Evaluating: $ \lim\limits_{x\to 1^{-}}\left[\ln\left(1-x \over 1 + x\right) - \ln\left(1 - x^{2}\right)\right] $ I would like to evaluate the following limit:
$$
\lim_{x\to 1^{-}}\left[%
\ln\left(1-x \over 1 + x\right) - \ln\left(1 - x^{2}\right)\right]
$$
I put this into a limit calculator and the calculator gave as answer $-\log\left(4\right)$. Why ?.
Should the answer not be?:
$$
\lim_{x \to 1^{-}}\ln\left(1 - x \over 1+x\right)
-\lim_{x \to 1^{-}}\ln\left(1 - x^{2}\right)
=-\infty - \left(-\infty\right) = -\infty + \infty$$
My second, and to me more important question, what is the value of $$-\infty + \infty$$
Thanks for your help.
 A: The problem shows that, in fact, $-\infty +\infty$ can be anything. You can use properties of logarithms to take this limit.
$\lim_{x\rightarrow 1^{-}}(\ln \frac{1-x}{1+x}-\ln (1-x^2))$
$=\lim_{x\rightarrow 1^{-}}(\ln (1-x) -\ln (1+x)-\ln (1-x)(1+x))$
$=\lim_{x\rightarrow 1^{-}}(\ln (1-x) -\ln (1+x)-\ln (1-x)-\ln(1+x))$
$=\lim_{x\rightarrow 1^{-}}-2\ln (1+x)=-2\ln 2=-\ln 2^2=-\ln 4$.
A: There's a theorem that if $\lim\limits_{x \to a} f(x) = L$ and $\lim\limits_{x \to a} g(x) = M$, then
$$
\lim_{x \to a} \bigl[f(x) + g(x)\bigr] = L + M.
$$
In the equation after "Should the answer not be?", you've applied the theorem as $x \to 1^{-}$ to the functions
$$
f(x) = \ln \left(\frac{1 - x}{1 + x}\right),\qquad
g(x) = -\ln(1 - x^{2}),
$$
for which the hypothesis (existence of both limits) is false. Consequently you have no reason to expect the conclusion of the theorem to hold (or even to be meaningful).
As multiple respondents have noted, a formal expression $\infty - \infty$ is indeterminate. Your limit exists, but it must be evaluated by applying properties of the logarithm, not by using "limit of the sum is the sum of the limits".
A: Your expression $-\infty + \infty$ is an indeterminate form, much like $\frac{0}{0}$ or $\frac{\infty}{\infty}$. So, on its own, it has no meaning.
In your specific case, using the property of logs that $\ln(AB) = \ln(A) + \ln(B)$ will likely be helpful here.
A: Hint:
Remember that $\ln(A) - \ln(B) = \ln(A/B)$.  Further, $\ln(x^a) = a\ln(x)$.  Also, $1-x^2 = (1+x)(1-x)$ is helpful.
Can you solve it from here?
A: The limits of the form $\infty - \infty$ are indeterminate. For example


*

*$\lim_{x \to \infty} x - x = 0$,

*$\lim_{x \to \infty} x^2 - x = \infty$,

*$\lim_{x \to \infty} x - x^2 = -\infty$.

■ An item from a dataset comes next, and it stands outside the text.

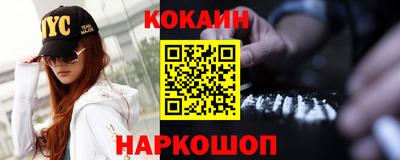 MDMA Premium VHQ Камышлов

In your particular case, observe that


*

*$1 - x^2 = 1^2 - x^2 = (1-x)(1+x)$,

*$\log x - \log y = \log \frac{x}{y}$.


I hope this helps $\ddot\smile$
A: Since $1-x^2 = (1-x)(1+x)$ we have, 
$$\lim_{x\to 1^{-}}\left[
\ln\left(1-x \over 1 + x\right) - \ln\left(1 - x^{2}\right)\right] =\left[\ln\left(1-x \right)-\ln\left( 1 + x\right)\right] - \left[\ln\left(1 +x\right)+\ln\left(1 - x\right)\right] = -2\ln\left(1 +x\right)$$
Thus, $$\lim_{x\to 1^{-}}\left[
\ln\left(1-x \over 1 + x\right) - \ln\left(1 - x^{2}\right)\right] = -2\lim_{x\to 1^{-}}\ln\left(1 +x\right) = -2\ln 2= -\ln 4.$$